INSTRUCTIONS FOR THE TASK
The line containing "Bad Apple - Chapter 8 manhwa" and every line after it, through the last one below: output exactly these and nothing else.

Caption-style text data
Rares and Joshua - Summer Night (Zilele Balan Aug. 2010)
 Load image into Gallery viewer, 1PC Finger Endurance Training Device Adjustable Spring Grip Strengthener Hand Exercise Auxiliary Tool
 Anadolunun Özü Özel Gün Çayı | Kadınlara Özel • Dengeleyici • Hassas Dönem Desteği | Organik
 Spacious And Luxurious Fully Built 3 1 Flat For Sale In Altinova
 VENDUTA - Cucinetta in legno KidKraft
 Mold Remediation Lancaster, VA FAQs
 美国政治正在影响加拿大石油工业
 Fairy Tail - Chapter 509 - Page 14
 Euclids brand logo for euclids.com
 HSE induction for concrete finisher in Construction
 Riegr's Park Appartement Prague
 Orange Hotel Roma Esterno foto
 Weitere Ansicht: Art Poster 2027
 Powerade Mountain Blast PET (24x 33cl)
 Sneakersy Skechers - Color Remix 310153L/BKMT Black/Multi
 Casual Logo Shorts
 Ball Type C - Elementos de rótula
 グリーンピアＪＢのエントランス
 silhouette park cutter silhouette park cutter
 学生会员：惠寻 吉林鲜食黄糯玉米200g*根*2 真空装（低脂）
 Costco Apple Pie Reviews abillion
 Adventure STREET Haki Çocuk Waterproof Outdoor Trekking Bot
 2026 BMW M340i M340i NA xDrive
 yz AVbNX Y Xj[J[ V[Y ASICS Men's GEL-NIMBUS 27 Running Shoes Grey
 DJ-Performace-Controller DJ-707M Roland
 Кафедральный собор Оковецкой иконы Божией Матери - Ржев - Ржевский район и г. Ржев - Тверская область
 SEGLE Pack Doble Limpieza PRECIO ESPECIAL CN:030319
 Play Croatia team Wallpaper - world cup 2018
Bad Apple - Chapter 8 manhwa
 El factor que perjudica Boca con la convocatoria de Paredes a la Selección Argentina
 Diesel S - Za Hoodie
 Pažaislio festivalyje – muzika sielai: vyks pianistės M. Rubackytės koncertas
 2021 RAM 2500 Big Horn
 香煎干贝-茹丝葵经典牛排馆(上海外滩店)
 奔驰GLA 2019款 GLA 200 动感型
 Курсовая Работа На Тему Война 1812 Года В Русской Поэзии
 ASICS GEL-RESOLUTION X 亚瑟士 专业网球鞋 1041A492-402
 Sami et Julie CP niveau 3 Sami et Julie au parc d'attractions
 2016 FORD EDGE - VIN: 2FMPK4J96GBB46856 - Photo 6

WRITTEN ANSWER
Bad Apple - Chapter 8 manhwa
 El factor que perjudica Boca con la convocatoria de Paredes a la Selección Argentina
 Diesel S - Za Hoodie
 Pažaislio festivalyje – muzika sielai: vyks pianistės M. Rubackytės koncertas
 2021 RAM 2500 Big Horn
 香煎干贝-茹丝葵经典牛排馆(上海外滩店)
 奔驰GLA 2019款 GLA 200 动感型
 Курсовая Работа На Тему Война 1812 Года В Русской Поэзии
 ASICS GEL-RESOLUTION X 亚瑟士 专业网球鞋 1041A492-402
 Sami et Julie CP niveau 3 Sami et Julie au parc d'attractions
 2016 FORD EDGE - VIN: 2FMPK4J96GBB46856 - Photo 6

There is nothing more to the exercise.